• **Prompt**:
For the records that follow, please set down exactly the lines between the one holding "Apartmán Nadia - Terrace" and the one holding "6191 highway blvd", inclusive, and only those.

• **The data**:
* * * * * * *

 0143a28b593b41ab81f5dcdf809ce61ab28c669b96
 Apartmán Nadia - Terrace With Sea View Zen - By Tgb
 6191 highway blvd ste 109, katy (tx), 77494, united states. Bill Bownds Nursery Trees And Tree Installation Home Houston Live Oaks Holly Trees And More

* * * * * * *

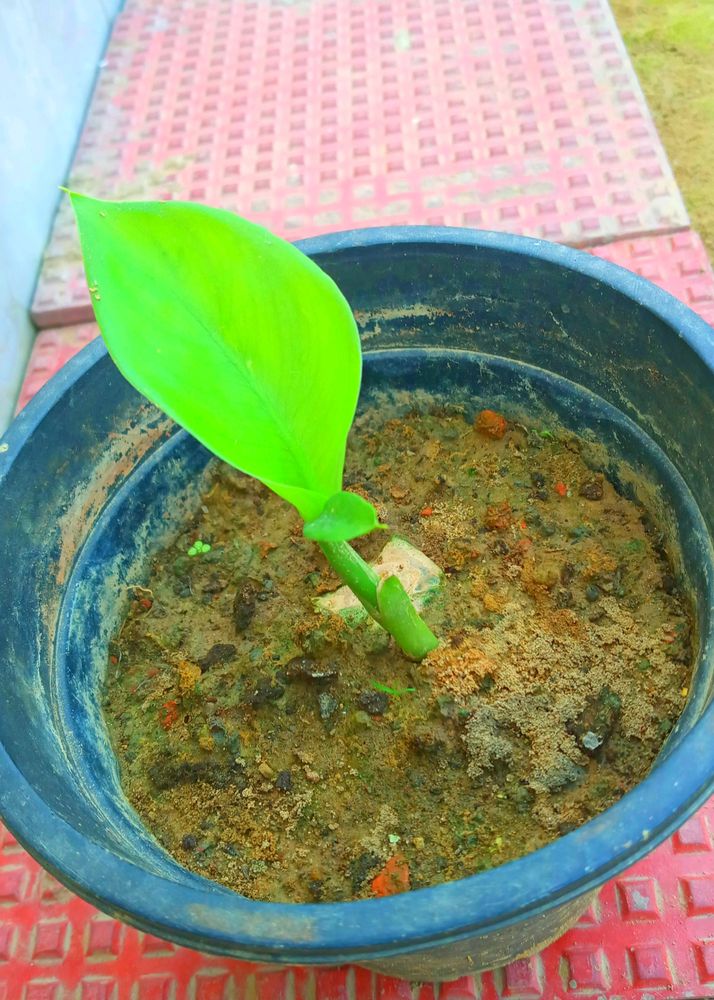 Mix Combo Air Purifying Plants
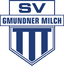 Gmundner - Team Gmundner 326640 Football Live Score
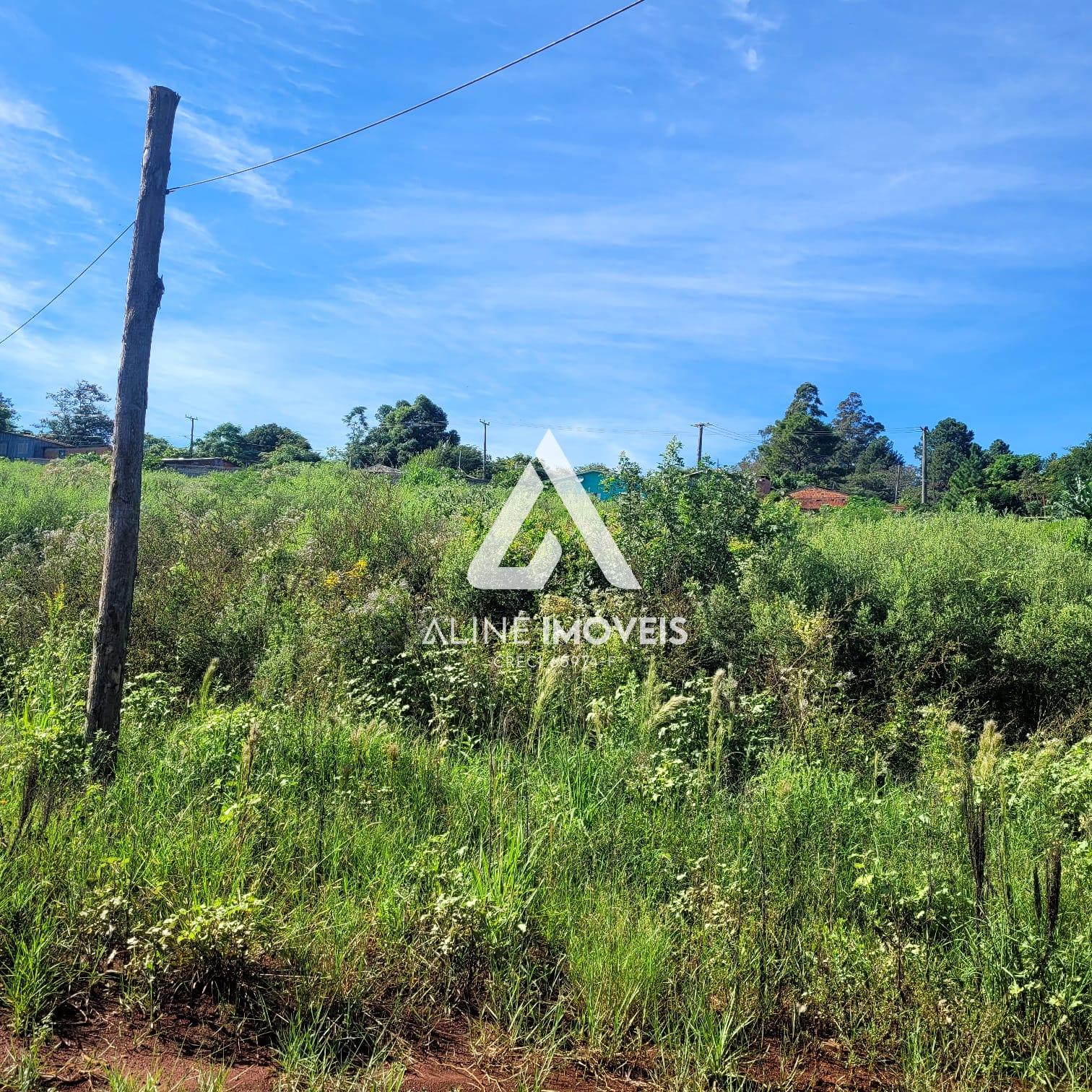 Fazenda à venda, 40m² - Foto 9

* * * * * * *

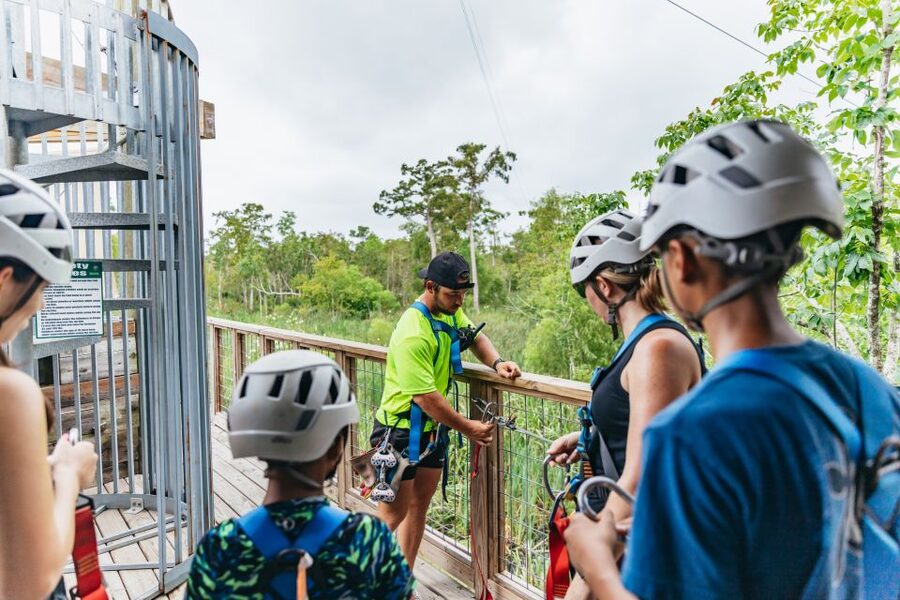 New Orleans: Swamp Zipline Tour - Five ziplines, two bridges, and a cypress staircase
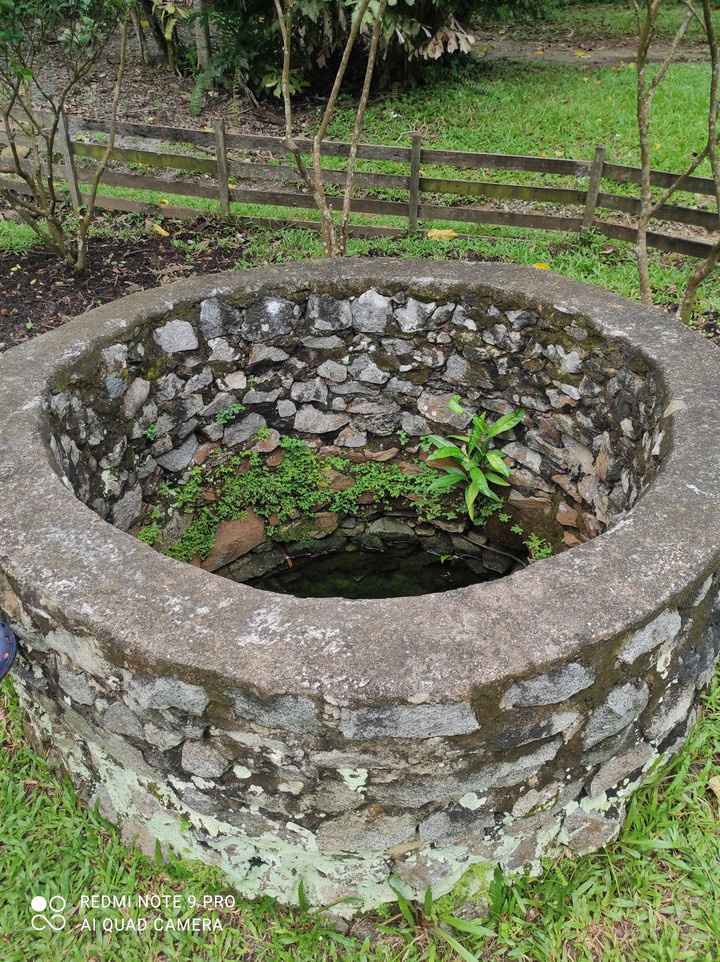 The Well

* * * * * * *

• **Reply**:
 Apartmán Nadia - Terrace With Sea View Zen - By Tgb
 6191 highway blvd ste 109, katy (tx), 77494, united states. Bill Bownds Nursery Trees And Tree Installation Home Houston Live Oaks Holly Trees And More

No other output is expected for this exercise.